# [WHAT THE TASK REQUIRES]
Transcribe exactly, leaving out pictures, the lines from the one that holds "Apartamnet 4 Camere | 90 MPU | Central" through the end of the data below, including both end lines and no others.
*** Opening of INPUT ***
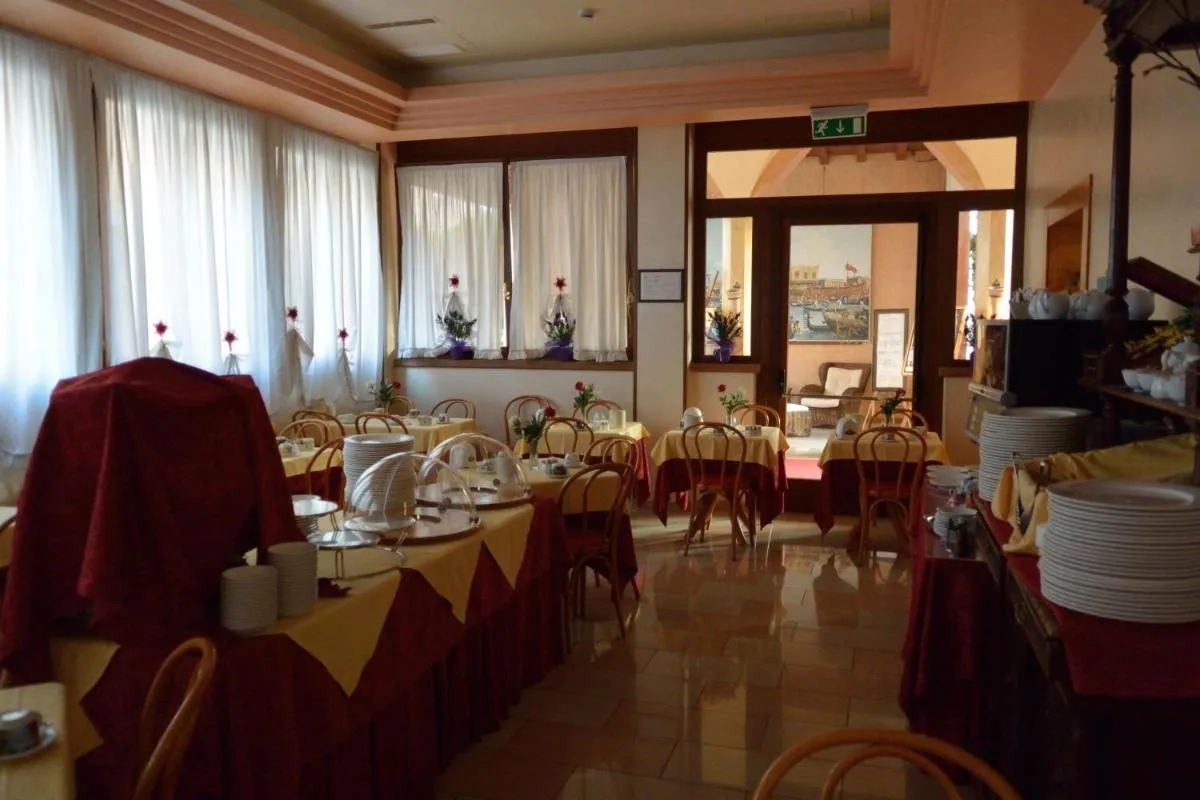 Image 3 of Hotel Belle Arti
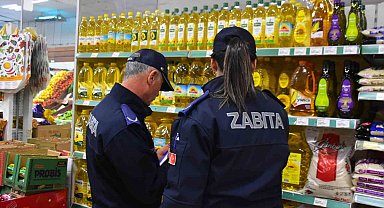 İncirliova'da zabıta ekiplerinden gıda denetimi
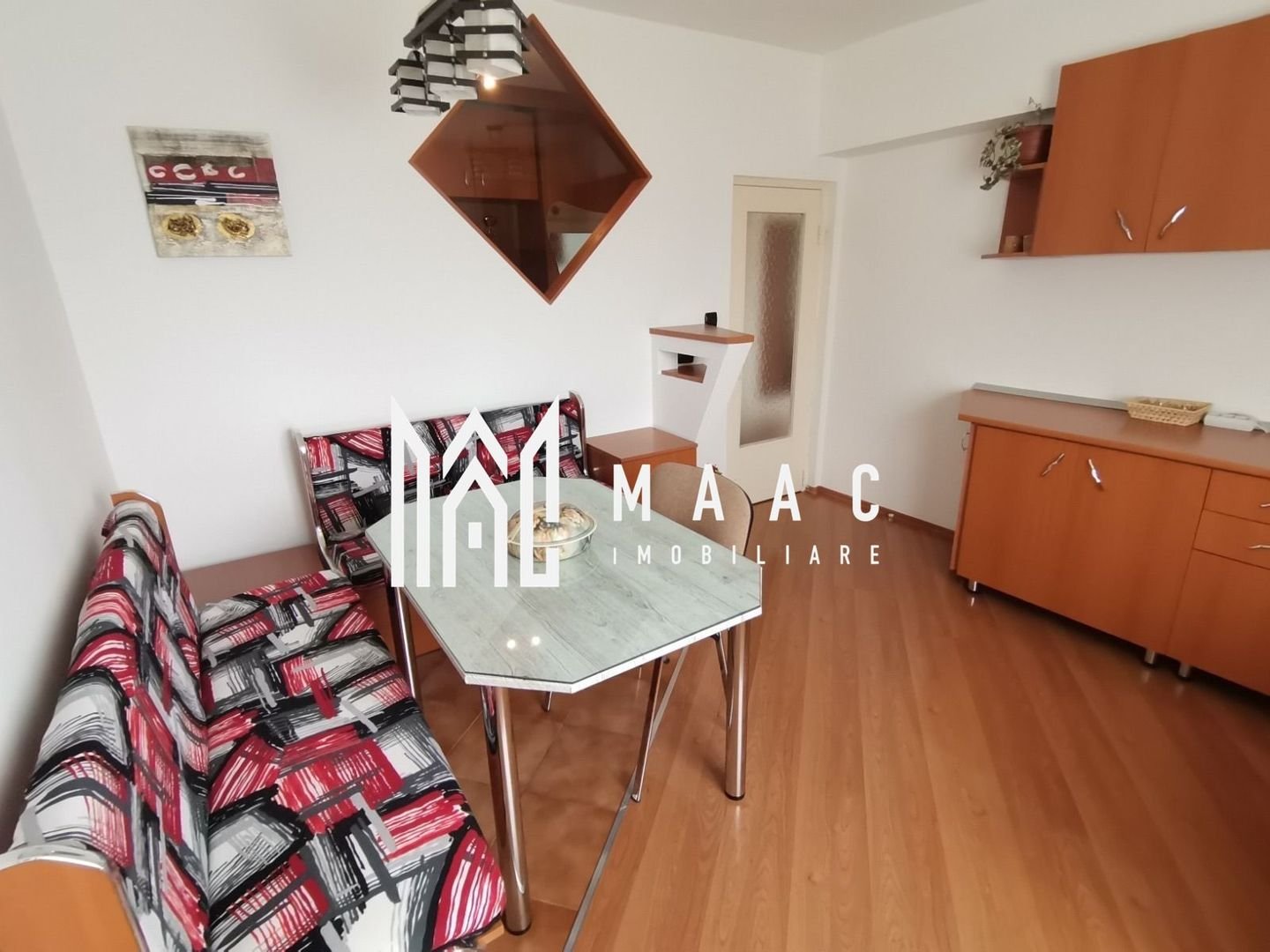Apartamnet 4 Camere | 90 MPU | Central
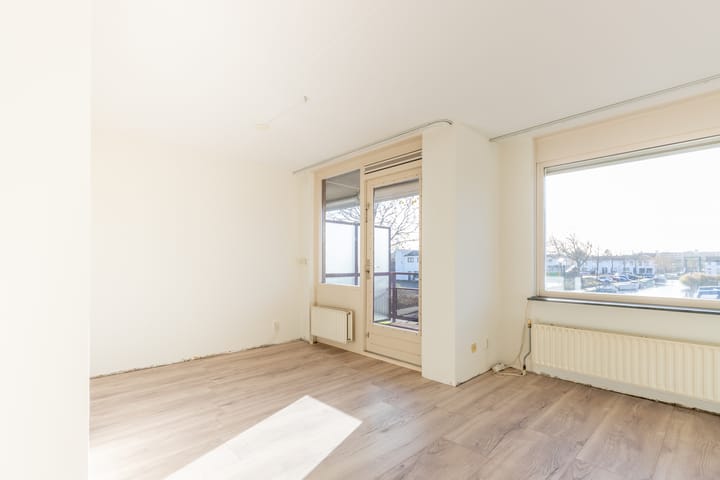 Foto 10 van Van Meerbeekstraat 50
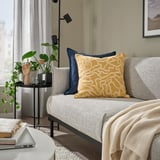 GULDFLY Housse de coussin, jaune foncé/blanc cassé, 50x50 cm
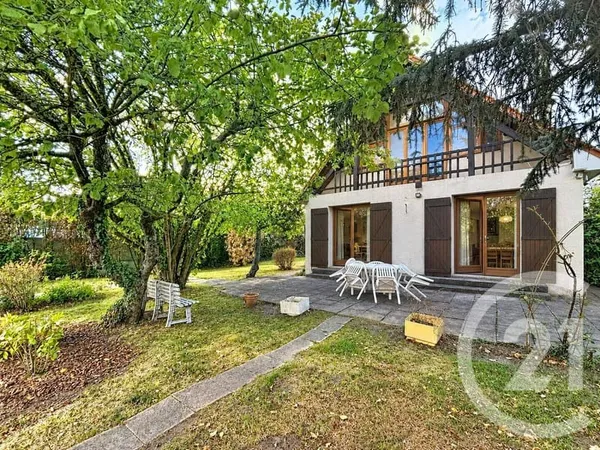 Maison 7 pièces 145 m²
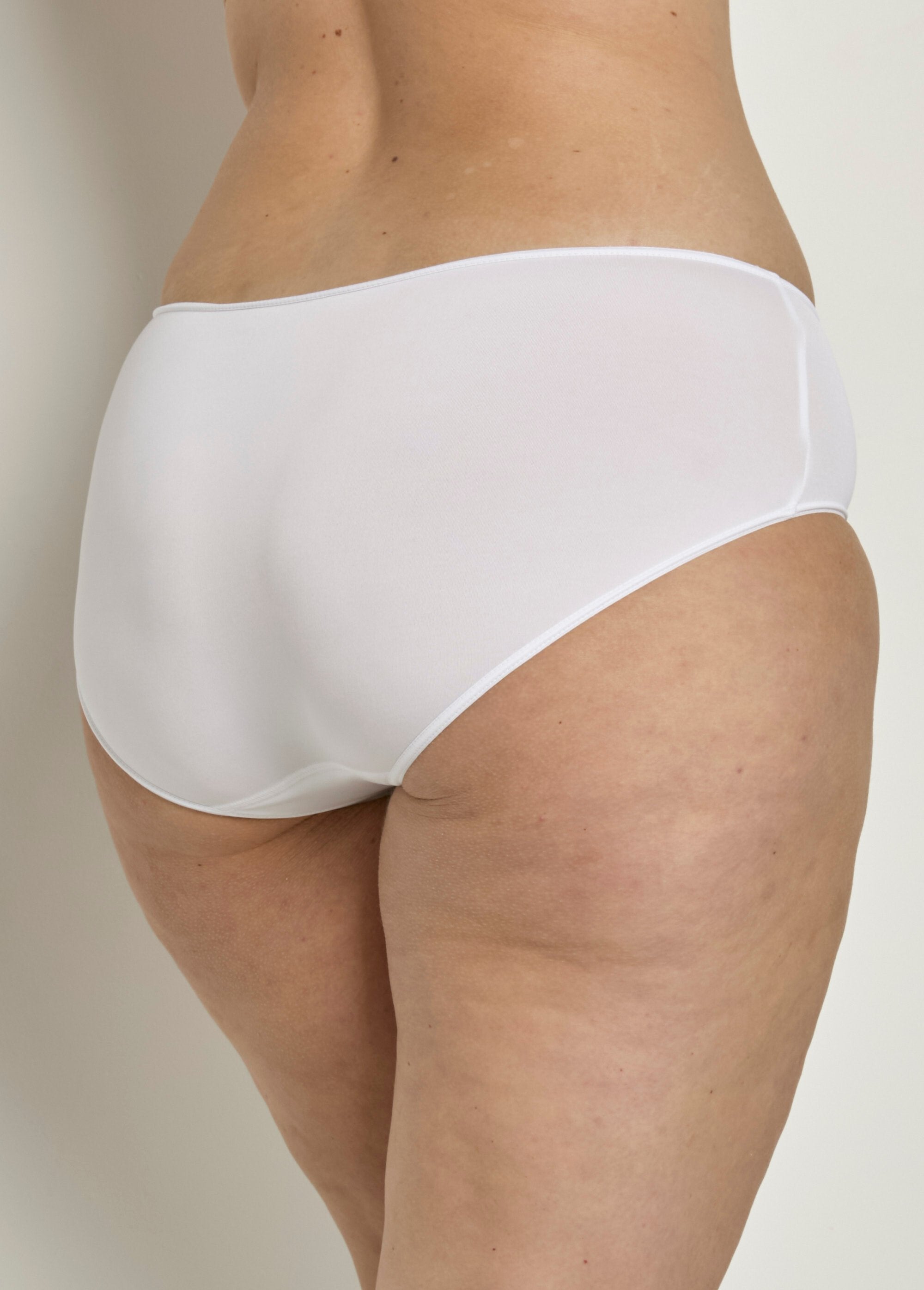 Senhorita_Maria®_-_Calcinha_básica_macia_Blanc_DO1_curvy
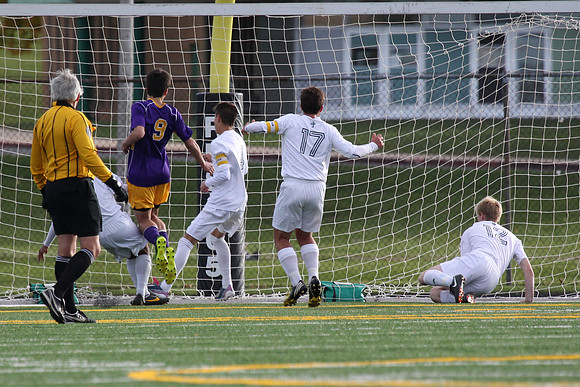 Boylan Varsity Boys Soccer vs Hononegah Regional Final 10-26-2013-4723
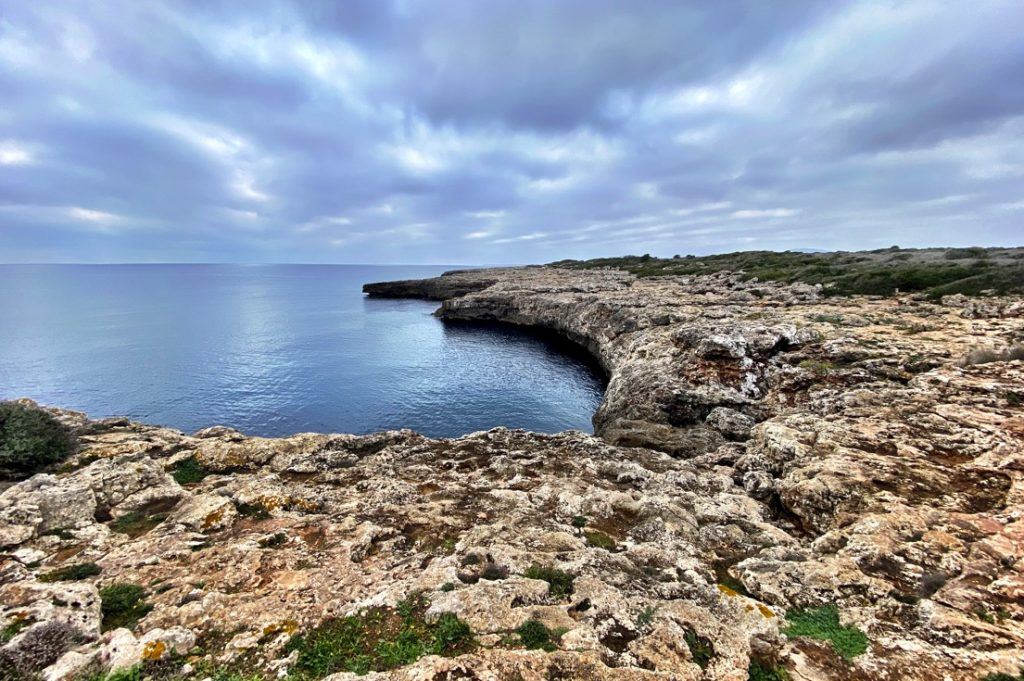 ruta de senderismo por Mallorca por el litoral de manacor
*** Close of INPUT ***
# [YOUR SOLUTION]
Apartamnet 4 Camere | 90 MPU | Central
 Foto 10 van Van Meerbeekstraat 50
 GULDFLY Housse de coussin, jaune foncé/blanc cassé, 50x50 cm
 Maison 7 pièces 145 m²
 Senhorita_Maria®_-_Calcinha_básica_macia_Blanc_DO1_curvy
 Boylan Varsity Boys Soccer vs Hononegah Regional Final 10-26-2013-4723
 ruta de senderismo por Mallorca por el litoral de manacor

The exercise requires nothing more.